Lo “spirito” sempreverde del nuovo capitalismo

Nel mese di aprile una nota azienda informatica aprirà ufficialmente un nuovo campus per i suoi dipendenti, in grado di accogliere oltre 12.000 persone, costruito e organizzato grazie alle più moderne tecnologie e gestito solo grazie ad energie rinnovabili. Impressionante: per magnitudine e complessità funzionale.

Il campus è stato ideato non soltanto per fornire spazi di lavoro adeguati e strumenti efficaci di ricerca e sviluppo, ma anche per garantire l’integrazione ambientale e la sostenibilità. Altrettanto interessanti e creative sono le strutture ideate per facilitare i lavoratori e garantire loro molti benefici “extra”: palestra, auditorium, parcheggi sotterranei, area museale, piste ciclabili e biciclette, percorsi per jogging e passeggiate, ma anche bar, ristoranti, sale riunione e aree riservate per coloro che volessero incontrarsi all’aperto e in ambienti più piacevoli delle stanze d’ufficio, quasi tutte, comunque, caratterizzate da vetrate con vista sul parco circostante, dove saranno piantati 3.000 alberi: insomma, apparentemente tutto o quasi tutto ciò che una persona desidererebbe trovare, in un luogo dove finisce per trascorrere almeno un terzo della sua giornata. 

Gli investimenti sbagliati

Ora occorre riconoscere che l’azienda di cui sopra – che è solo un esempio tra altri – grazie alle pionieristiche innovazioni dei suoi fondatori, ha contribuito a migliorare la qualità della vita dell’uomo moderno. È pure apprezzabile che nella costruzione di un nuovo campus abbia voluto assicurare attenzione agli elementi “immateriali” della vita dei suoi dipendenti, cercando di favorire, tra l’altro, l’interazione con l’ambiente, la bellezza architettonica, nonché il relax e la socialità.
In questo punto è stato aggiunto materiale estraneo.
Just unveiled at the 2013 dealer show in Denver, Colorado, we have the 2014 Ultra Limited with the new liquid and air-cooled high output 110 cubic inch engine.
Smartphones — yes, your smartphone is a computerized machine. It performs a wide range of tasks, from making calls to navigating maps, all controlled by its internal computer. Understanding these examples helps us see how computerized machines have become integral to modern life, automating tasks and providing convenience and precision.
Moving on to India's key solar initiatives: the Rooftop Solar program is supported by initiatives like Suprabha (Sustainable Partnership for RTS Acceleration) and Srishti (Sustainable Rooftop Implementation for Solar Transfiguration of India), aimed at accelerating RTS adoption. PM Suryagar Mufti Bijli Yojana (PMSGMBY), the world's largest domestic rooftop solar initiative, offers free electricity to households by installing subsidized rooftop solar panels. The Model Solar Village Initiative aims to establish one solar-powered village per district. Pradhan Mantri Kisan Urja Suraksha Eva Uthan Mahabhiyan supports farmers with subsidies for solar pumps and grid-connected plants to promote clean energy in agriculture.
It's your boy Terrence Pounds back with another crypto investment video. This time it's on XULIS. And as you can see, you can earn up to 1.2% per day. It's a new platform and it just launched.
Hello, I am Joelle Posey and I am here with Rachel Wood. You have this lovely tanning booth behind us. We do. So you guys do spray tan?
Ma è legittimo chiedersi: non sarà che così facendo la vita aziendale finisca per occupare nella sua totalità la vita della persona, riempiendo ogni spazio dell’esistenza? Nel tentativo di rispondere ai molteplici bisogni dei suoi dipendenti, non sarà forse che l’azienda tenda ad uniformare quei bisogni, fomentando l’illusione di poterli pienamente soddisfare? Nella prospettiva weberiana, lo “spirito” d’intrapresa era alimentato dal desiderio profondo dell’imprenditore “predestinato” di provare, attraverso il successo nel lavoro e l’accumulazione del capitale hic et nunc, la sua appartenenza al gruppo degli “eletti” che avrebbero poi ottenuto la salvezza eterna.
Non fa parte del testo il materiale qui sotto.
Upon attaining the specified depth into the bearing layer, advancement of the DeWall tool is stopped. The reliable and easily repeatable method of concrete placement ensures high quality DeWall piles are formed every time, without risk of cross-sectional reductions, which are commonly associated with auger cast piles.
Oggi le aziende, che spesso vivono di vita propria rispetto a quella dell’imprenditore, perseguono il successo attingendo ancora ai desideri profondi dei propri dipendenti e dirigenti, alla loro naturale “ricerca della felicità”, ma aprendo pure tutta una serie di “crediti emotivi” – come li definisce Bruni (2015) – ovvero di aspettative professionali, psicologiche, affettive, e perché no, spirituali, che poi difficilmente potranno garantire.

L’altro “spirito”

Allora è positivo che accanto a chi apre nuovi campus tecnologici faccia altrettanto notizia chi decide di impiegare una donna al nono mese di gravidanza, perché pur attingendo a interiori motivazioni di autorealizzazione per migliorare la propria produttività, sa riconoscere la specificità dei talenti ed è disposto ad investire anche su altri spazi (più) preziosi della persona: l’amicizia, la famiglia, la maternità e la paternità.
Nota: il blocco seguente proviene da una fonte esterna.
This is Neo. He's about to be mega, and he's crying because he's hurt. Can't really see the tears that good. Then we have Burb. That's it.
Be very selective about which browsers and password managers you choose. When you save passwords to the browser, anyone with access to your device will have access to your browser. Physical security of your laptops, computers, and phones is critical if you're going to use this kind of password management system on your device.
Spazi reali e non virtuali, che coinvolgono la quotidianità con le sue particolari esigenze, le aspirazioni e le fatiche, le conquiste e i compromessi, le priorità e le rinunce. Spazi sacri che non solo proteggono e promuovono la dimensione soggettiva del lavoro, inteso “per l'uomo” e non per la sua strumentalizzazione, ma preservano anche dalla manipolazione esterna la sfera più intima e misteriosa dell’individuo: quella della sua unicità, dominata da un altro “spirito” che non si esaurisce nell’attività professionale, ma è parte integrante del suo essere persona, ne anima la «vita buona», ne realizza la natura sociale, gli consente di penetrare nella struttura più profonda della realtà e, nella sua “ricerca della felicità”, lo mantiene aperto alla trascendenza.